Finally, the different fractions are combined to create the final product. Other additives may be mixed in with the fractions at this time. This may produce gasoline of different octane ratings, or asphalt at different PG ratings.

Asphalt Storage and Emulsion

Figure 19: CRS-2P and CSS-1 asphalt emulsion tanks.

Figure 20: Labeled CRS-2P tank.

Figure 21: Temperature of CRS-2P binder in tank.

Figure 22: Materials used in manufacturing the asphalt emulsion.

Figure 23: Tanks are used in manufacturing the asphalt emulsion.

Figure 24: Colloid mill used in manufacturing asphalt emulsion.

Some flasher bottoms, such as those at the US Oil and Refining Co. can be used immediately as asphalt. In this case, the residuum from the vacuum flasher tests as a PG 64-22, but this is not true for all refineries. The residuum in this case is a black or dark brown, nearly solid material.

Several grades of asphalt can be created at a refinery by creating blocked out runs, which means the vacuum flasher is run at one setting to produce a very hard asphalt. Then the settings can be changed to produce a soft asphalt, these can be blended to produces a wide variety of intermediate asphalts. Other additives may be included, as well.

Different additives may be added to asphalt depending on mix specifications. Some of the most common additives are EVA, a polymer which makes the mix more workable, especially in colder conditions, Sasobit, a wax which allows the asphalt to be mixed at lower temperatures, and SBS, a thermoplastic rubber which offers tensile strength and strain recovery.

Figure 25: These are three common asphalt additives.

Figure 26: Loading bin for polymer (SBS) to add to asphalt binder.

Figure 27: Polymer and asphalt blending in a high shear mill.

US Oil and Refining Company Production

The refinery currently processes about 38,000 barrels of crude oil per day, and is open 24 hours per day, 365 days per year. Over the span of a year, US Oil produces:

  • About 3 different asphalt emulsions
  • About 15 different PG grades
    • The most commonly specified PG grade at US Oil is PG 64-22.

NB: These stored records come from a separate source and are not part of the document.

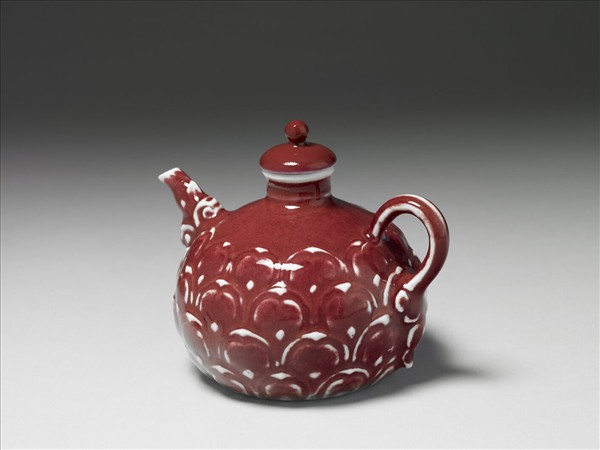 紅釉刻花蓮瓣紋滷壺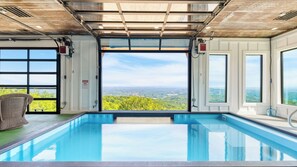 Interior - Skyline Sanctuary by Avantstay Indoor Pool, Game Room, Firepit, Mountain Views, Luxe Design (Sevierville)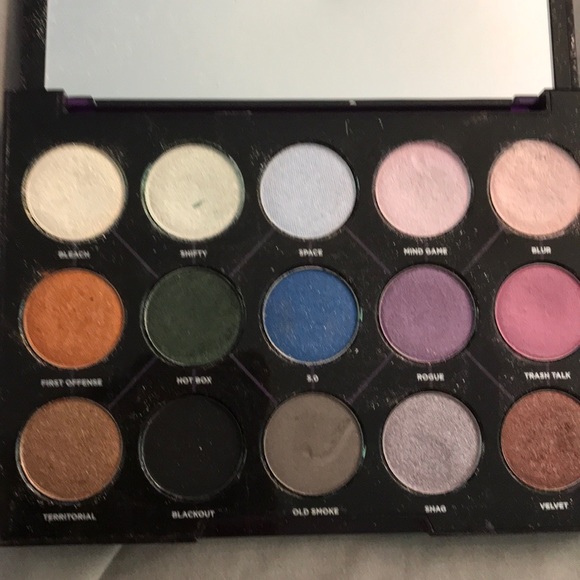 Urban Decay Other - Urban Decay Distortion eyeshadow palette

Gasoline typically has 10% ethanol by volume added to all blends—which in turn is sold to companies such as Exxon, Costco, etc. The formulation for gasoline is changed seasonally, 6 times per year.

Asphalt is composed of the heavier, longer hydrocarbon chains from crude oil. At US Oil and Refining Company, the most common grade of PG binder, PG 64-22, comes straight from the vacuum tower. Other PG binders can be made with simple alterations to the formula as previously noted.

Figure 28: Ethanol delivered to US Oil by rail car.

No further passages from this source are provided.